*Exercise prompt*
Range to output from the entries below: the line containing "Hochwertige faltbare Lesebrille" through the line containing "Pruhovaná bavlnená blúzka". Set it down exactly, ends included, nothing else.

Entries shown Start Marker

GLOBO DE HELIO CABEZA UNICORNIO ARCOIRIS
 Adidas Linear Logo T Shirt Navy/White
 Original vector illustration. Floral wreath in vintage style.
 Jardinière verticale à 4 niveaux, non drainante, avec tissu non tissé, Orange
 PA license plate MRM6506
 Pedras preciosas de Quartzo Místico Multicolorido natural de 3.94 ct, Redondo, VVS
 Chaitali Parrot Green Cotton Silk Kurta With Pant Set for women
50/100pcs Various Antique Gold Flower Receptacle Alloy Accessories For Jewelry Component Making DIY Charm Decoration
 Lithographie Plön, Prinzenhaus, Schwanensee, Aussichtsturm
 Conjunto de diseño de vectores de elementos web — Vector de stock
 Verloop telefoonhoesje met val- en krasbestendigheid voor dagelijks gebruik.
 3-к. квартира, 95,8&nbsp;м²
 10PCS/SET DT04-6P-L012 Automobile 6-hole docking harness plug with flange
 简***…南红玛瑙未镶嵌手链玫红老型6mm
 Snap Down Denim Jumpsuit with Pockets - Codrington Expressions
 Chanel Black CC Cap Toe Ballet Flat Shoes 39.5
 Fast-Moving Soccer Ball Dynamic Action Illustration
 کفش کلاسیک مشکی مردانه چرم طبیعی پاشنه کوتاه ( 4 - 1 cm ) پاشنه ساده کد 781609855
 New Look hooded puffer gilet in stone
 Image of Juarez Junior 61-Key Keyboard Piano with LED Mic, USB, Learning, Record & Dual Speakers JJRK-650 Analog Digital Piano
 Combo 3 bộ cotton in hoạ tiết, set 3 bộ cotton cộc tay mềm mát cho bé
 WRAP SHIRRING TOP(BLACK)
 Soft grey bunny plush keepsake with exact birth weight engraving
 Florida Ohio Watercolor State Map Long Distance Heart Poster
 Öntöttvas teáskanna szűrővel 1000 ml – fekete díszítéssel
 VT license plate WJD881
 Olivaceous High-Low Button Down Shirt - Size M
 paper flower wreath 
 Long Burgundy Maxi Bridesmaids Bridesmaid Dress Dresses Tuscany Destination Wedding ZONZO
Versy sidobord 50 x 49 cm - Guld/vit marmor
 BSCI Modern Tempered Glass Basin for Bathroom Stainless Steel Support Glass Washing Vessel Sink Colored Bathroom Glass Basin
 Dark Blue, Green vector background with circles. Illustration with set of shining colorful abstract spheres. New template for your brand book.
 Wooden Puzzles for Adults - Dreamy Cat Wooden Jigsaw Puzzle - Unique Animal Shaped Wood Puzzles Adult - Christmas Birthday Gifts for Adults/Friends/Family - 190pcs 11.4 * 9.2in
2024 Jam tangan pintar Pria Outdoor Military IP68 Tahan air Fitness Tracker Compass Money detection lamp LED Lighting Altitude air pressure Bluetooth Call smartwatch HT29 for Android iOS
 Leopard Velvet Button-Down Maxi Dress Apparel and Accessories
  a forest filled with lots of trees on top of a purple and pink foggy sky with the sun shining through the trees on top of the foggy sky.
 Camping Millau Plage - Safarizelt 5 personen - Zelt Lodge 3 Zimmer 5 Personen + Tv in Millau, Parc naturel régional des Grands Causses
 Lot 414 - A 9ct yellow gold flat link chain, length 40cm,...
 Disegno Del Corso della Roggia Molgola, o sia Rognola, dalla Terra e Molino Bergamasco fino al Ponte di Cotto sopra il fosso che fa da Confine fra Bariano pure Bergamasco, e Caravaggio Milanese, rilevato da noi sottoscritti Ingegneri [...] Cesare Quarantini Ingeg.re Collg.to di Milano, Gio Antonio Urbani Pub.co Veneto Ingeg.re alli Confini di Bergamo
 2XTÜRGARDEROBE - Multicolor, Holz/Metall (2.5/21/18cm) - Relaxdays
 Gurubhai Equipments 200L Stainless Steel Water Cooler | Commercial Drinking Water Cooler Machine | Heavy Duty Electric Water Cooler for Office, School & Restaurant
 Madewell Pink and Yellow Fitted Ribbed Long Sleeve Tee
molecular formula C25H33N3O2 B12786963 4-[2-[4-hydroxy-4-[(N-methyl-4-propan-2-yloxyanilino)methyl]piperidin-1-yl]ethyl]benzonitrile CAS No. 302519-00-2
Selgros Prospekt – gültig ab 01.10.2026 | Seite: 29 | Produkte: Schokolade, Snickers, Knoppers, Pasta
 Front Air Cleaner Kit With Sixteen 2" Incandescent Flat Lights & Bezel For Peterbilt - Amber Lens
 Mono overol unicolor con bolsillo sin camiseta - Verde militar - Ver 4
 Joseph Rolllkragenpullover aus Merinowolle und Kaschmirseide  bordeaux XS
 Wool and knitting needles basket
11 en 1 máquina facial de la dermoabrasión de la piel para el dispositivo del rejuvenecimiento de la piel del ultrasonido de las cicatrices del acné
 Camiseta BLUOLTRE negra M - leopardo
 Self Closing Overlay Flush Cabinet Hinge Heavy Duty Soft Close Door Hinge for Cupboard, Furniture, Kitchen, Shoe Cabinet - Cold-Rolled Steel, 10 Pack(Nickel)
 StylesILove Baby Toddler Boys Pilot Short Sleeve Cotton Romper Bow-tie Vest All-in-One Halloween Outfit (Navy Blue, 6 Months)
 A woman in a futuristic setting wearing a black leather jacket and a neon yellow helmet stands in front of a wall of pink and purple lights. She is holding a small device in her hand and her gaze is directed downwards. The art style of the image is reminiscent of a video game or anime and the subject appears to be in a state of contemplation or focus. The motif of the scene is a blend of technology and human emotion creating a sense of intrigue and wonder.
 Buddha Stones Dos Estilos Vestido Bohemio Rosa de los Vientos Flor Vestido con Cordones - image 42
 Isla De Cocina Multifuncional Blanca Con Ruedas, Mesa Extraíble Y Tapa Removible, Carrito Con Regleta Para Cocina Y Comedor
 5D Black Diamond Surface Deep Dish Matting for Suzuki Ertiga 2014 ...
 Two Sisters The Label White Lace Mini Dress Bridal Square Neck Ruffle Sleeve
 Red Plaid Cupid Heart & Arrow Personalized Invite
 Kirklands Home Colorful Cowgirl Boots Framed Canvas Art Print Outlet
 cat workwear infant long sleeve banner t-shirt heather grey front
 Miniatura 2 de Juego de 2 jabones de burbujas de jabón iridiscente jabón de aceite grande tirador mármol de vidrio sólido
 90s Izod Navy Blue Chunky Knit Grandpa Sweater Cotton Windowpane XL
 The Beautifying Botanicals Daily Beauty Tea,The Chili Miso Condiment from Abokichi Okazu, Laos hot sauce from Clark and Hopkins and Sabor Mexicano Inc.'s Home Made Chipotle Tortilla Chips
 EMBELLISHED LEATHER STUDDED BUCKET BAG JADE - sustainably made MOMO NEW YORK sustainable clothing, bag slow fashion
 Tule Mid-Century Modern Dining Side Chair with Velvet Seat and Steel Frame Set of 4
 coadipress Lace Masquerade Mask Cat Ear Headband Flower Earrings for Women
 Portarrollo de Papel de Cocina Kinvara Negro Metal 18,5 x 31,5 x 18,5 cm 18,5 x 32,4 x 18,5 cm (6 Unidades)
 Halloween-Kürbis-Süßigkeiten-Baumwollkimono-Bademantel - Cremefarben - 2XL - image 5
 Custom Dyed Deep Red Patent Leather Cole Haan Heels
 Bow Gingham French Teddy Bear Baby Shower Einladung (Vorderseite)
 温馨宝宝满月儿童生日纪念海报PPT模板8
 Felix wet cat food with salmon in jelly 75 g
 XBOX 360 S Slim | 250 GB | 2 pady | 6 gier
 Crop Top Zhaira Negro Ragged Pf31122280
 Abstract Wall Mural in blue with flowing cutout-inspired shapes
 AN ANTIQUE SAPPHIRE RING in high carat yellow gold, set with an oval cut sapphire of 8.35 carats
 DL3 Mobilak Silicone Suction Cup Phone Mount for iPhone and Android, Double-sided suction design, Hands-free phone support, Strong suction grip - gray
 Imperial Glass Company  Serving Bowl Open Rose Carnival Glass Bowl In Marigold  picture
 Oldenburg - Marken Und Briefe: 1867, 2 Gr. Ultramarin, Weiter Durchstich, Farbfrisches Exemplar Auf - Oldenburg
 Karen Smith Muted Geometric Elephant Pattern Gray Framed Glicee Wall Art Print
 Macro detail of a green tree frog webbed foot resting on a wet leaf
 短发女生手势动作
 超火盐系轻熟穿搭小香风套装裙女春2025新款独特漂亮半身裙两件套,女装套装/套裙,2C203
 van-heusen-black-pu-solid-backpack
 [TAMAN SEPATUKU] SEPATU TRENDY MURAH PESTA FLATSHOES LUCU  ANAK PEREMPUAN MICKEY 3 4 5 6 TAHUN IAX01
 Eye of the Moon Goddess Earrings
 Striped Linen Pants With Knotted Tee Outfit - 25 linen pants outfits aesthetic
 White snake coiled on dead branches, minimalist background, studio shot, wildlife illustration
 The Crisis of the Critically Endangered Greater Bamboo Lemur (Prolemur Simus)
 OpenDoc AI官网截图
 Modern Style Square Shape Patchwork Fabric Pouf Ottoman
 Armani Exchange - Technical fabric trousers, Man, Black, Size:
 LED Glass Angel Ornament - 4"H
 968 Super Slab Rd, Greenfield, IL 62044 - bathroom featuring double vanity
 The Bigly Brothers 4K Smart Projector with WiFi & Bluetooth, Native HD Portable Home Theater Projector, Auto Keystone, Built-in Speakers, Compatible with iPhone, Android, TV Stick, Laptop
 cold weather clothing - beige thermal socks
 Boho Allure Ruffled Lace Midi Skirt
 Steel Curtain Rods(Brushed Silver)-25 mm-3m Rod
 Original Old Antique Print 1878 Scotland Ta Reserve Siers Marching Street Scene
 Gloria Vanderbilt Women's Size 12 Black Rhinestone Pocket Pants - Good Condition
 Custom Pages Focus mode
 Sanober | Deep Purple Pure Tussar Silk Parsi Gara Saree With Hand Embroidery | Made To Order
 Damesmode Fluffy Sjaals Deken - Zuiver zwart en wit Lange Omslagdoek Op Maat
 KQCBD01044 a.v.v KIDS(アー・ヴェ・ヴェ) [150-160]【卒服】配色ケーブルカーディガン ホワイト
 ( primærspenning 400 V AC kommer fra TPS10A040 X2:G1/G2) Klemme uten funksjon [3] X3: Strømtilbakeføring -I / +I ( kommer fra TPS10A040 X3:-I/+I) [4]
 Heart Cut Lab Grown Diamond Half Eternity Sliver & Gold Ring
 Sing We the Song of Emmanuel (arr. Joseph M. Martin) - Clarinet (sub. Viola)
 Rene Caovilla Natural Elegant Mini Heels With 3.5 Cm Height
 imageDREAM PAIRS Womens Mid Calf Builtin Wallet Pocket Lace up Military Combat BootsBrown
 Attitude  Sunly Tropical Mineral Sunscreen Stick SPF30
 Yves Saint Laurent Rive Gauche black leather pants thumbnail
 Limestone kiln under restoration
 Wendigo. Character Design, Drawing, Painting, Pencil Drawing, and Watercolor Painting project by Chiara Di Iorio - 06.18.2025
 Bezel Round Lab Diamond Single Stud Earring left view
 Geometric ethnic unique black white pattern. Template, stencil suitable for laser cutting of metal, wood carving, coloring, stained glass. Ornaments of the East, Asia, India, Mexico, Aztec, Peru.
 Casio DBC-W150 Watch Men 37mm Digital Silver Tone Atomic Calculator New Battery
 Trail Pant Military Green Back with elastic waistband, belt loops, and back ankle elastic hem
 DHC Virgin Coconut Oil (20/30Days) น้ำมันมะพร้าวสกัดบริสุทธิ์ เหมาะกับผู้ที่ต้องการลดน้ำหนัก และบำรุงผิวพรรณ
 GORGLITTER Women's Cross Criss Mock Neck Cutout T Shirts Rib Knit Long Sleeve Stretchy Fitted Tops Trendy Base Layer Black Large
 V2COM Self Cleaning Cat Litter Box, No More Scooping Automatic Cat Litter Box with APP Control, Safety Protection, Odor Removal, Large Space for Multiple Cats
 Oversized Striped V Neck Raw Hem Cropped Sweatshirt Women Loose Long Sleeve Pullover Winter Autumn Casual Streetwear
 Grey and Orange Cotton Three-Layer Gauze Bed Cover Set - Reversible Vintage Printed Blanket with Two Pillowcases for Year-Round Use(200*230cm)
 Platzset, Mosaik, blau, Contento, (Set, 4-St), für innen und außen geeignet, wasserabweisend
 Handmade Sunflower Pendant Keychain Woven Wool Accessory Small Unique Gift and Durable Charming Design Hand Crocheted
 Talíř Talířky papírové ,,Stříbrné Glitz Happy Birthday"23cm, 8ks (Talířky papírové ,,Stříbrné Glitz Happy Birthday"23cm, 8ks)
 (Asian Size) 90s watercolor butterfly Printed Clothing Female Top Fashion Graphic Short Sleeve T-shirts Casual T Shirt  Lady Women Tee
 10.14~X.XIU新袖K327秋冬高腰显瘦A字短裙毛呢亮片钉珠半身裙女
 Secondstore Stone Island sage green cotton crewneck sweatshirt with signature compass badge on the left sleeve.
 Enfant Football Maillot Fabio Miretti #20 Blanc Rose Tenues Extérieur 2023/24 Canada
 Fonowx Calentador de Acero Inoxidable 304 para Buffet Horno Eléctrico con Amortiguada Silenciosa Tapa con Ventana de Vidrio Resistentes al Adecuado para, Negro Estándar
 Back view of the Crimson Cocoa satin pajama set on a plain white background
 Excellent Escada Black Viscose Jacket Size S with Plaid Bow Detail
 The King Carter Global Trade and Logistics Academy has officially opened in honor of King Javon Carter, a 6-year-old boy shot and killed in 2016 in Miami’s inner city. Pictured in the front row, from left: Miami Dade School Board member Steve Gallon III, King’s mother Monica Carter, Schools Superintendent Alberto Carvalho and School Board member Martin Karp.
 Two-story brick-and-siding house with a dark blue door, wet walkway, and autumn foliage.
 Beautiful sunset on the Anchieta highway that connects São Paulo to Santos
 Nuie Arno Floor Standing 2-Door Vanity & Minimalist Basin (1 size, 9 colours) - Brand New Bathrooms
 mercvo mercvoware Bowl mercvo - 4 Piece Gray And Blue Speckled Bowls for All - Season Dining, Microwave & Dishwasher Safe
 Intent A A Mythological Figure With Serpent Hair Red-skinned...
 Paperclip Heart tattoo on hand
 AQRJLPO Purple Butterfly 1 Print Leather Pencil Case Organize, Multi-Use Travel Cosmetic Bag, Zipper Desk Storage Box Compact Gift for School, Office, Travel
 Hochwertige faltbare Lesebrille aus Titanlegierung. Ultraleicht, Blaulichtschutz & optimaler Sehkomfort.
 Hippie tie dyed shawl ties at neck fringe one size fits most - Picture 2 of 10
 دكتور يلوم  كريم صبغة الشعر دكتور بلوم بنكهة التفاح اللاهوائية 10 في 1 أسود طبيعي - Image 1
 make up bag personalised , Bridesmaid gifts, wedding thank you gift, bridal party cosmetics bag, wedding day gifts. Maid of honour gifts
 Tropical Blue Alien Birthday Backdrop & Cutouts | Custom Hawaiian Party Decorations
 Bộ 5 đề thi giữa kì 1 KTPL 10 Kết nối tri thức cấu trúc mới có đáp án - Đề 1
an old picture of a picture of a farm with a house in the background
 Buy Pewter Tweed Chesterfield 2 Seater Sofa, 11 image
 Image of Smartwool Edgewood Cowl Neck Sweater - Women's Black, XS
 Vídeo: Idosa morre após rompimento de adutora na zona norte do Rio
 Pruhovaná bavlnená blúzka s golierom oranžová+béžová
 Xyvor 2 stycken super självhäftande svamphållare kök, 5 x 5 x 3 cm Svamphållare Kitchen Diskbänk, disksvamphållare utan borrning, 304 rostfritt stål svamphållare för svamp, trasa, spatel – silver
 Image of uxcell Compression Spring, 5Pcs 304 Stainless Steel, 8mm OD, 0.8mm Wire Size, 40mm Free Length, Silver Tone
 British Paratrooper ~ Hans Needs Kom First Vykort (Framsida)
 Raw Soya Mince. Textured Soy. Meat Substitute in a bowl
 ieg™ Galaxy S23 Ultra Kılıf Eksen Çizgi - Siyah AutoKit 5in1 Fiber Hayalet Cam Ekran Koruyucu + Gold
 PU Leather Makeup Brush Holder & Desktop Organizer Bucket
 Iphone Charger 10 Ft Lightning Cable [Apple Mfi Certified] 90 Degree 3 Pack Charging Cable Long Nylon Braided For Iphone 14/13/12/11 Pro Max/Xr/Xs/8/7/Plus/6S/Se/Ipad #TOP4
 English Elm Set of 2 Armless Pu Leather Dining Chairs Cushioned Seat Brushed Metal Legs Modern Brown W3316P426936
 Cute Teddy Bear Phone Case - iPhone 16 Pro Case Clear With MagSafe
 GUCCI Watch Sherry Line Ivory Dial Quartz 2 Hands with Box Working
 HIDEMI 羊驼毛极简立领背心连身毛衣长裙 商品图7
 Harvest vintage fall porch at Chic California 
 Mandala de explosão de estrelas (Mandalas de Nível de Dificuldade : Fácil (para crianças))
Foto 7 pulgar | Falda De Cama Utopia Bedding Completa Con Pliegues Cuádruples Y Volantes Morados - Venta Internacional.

Entries shown End Marker

*Your solution*
 Hochwertige faltbare Lesebrille aus Titanlegierung. Ultraleicht, Blaulichtschutz & optimaler Sehkomfort.
 Hippie tie dyed shawl ties at neck fringe one size fits most - Picture 2 of 10
 دكتور يلوم  كريم صبغة الشعر دكتور بلوم بنكهة التفاح اللاهوائية 10 في 1 أسود طبيعي - Image 1
 make up bag personalised , Bridesmaid gifts, wedding thank you gift, bridal party cosmetics bag, wedding day gifts. Maid of honour gifts
 Tropical Blue Alien Birthday Backdrop & Cutouts | Custom Hawaiian Party Decorations
 Bộ 5 đề thi giữa kì 1 KTPL 10 Kết nối tri thức cấu trúc mới có đáp án - Đề 1
an old picture of a picture of a farm with a house in the background
 Buy Pewter Tweed Chesterfield 2 Seater Sofa, 11 image
 Image of Smartwool Edgewood Cowl Neck Sweater - Women's Black, XS
 Vídeo: Idosa morre após rompimento de adutora na zona norte do Rio
 Pruhovaná bavlnená blúzka s golierom oranžová+béžová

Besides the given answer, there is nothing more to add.